VIRGINIA BEACH, Va. (WAVY) – Efforts are underway in the General Assembly to restrict a locality’s ability to regulate short term rentals.
Two identical bills would do exactly that – Senate Bill 1391 and House Bill 2271.
Under the legislation, realtors become increasing important in the short-term rental debate, and a locality’s ability to restrict property managed by a Virginia Realtor
It’s clear that if these bills pass in the House and Senate, a locality would not be able to restrict, by ordinance, any short-term rental property managed by a Virginia realtor.
“It’s my neighborhood. I live here,” said North End resident Andy Cohen, who is also a member of the North Virginia Beach Civic League. They are concerned about short term rentals in their neighborhood.
“Short-term rentals in Virginia Beach and all over the state are a real problem and localities need the opportunity to regulate them in ways that makes sense to their own community,” Cohen said.
So, Cohen became concerned when he read the Senate and House Bills that “provides that a locality may not restrict by ordinance any short-term rental property managed by a Virginia realtor.”
Cohen thinks that gives a huge exemption to realtors.
“What they are doing is taking away the ability to manage locally,” Cohen said, “and these should be local decisions. Every locality in the Commonwealth has different needs and different priorities.”
Those short-term rentals not managed by a Virginia realtor would continue to be regulated by the locality.
A local realtor offers a different perspective on the proposed bills.
“It’s good legislation, and showing the free enterprise system works,” said Greg Garrett, head of Garrett Realty Partners in Hampton Roads. “There is a lot more accountability with realtors because we are held to a code of ethics that homeowners are not held to, and even non-licensed realtors are held to.”
The legislative bills also state the “locality may not enforce an ordinance against such property where the ordinance”:
- Prohibits short-term rentals
- Limits occupancy in a short-term rental
- Limits the number rented days in a calendar year
“There is no manager on site, so if a neighbor has a concern about noise or trash or any other problem it is very hard to find someone to contact,” Cohen said.

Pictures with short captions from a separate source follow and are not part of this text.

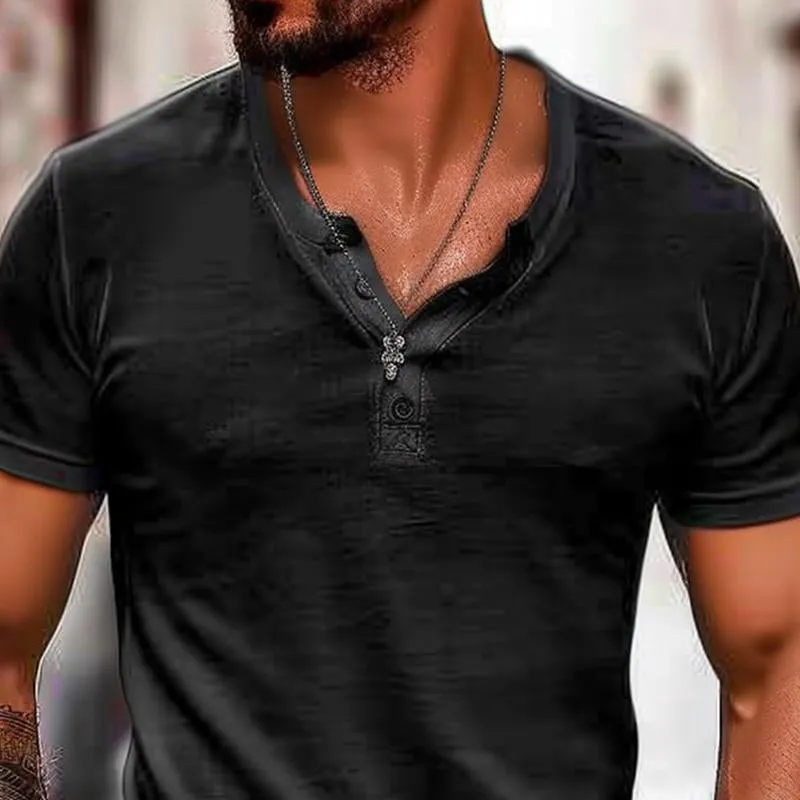 Men's Solid Henley Short Sleeve T-Shirt 53696501X sold by Manly product image thumbnail 3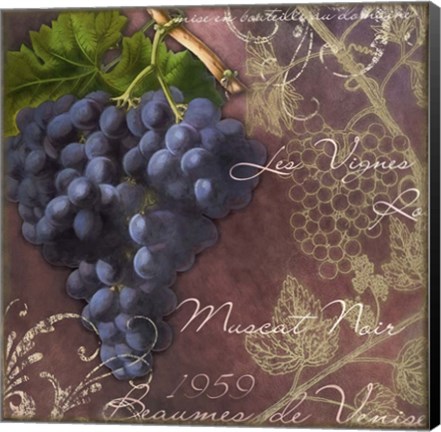 Framed Blue Vines Black Muscat Print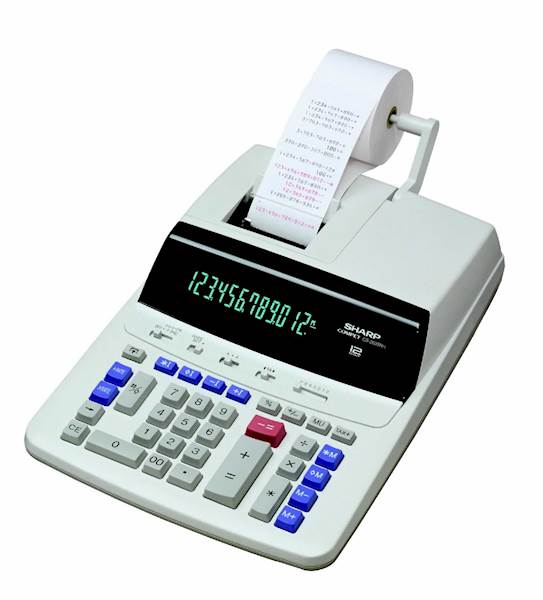 SHARP kalkulator CS2635RHGY, 12M, računski stroj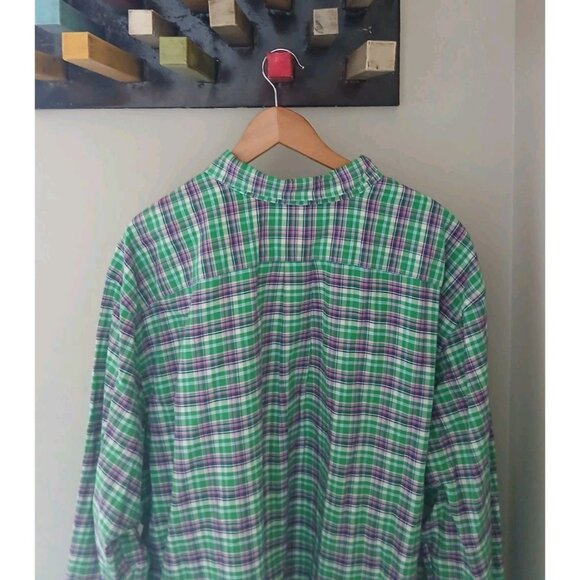 Ralph Lauren Button Down Shirt Size Green 3XB Big Green Plaid Work - Picture 7 of 8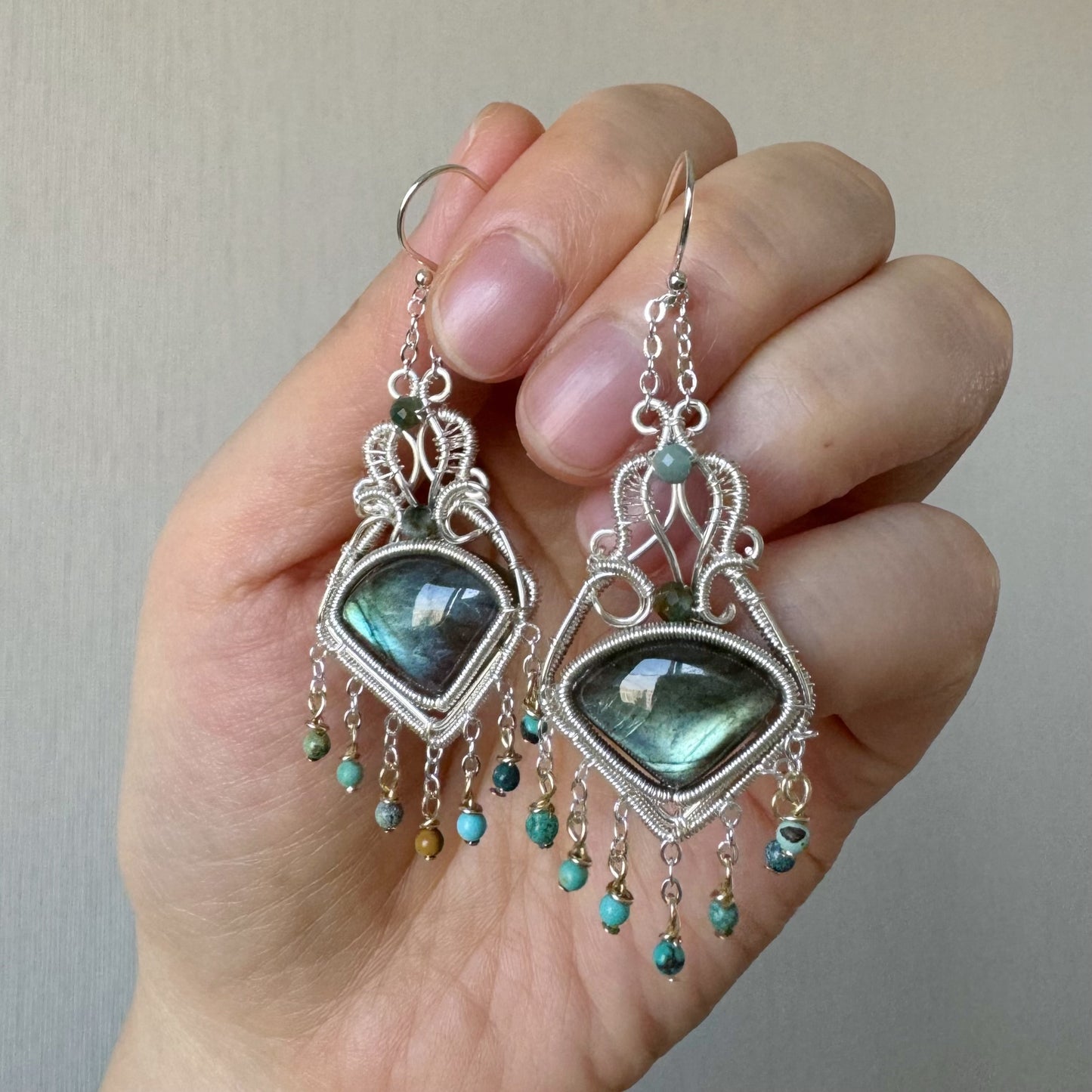 Handmade Green Labradorite Earrings - Wire Wrapped Jewelry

Garrett takes a different view.
“Realtors have a history of decades of doing it right,” Garrett said, “of following the rules, the laws, and following property procedures to manage property … when cities and counties go beyond what they should to restrict the free enterprise system, and when they do it, the state steps in.”
Now the General Assembly can do that because Virginia is a Dillon Rule state. Dillon Rule localities operate under the assumption they can only wield powers explicitly authorized to them by the General Assembly.
That approach has frustrated localities that wish to solve some of the most pressing problems for their residents, like short-term rentals, in their own way.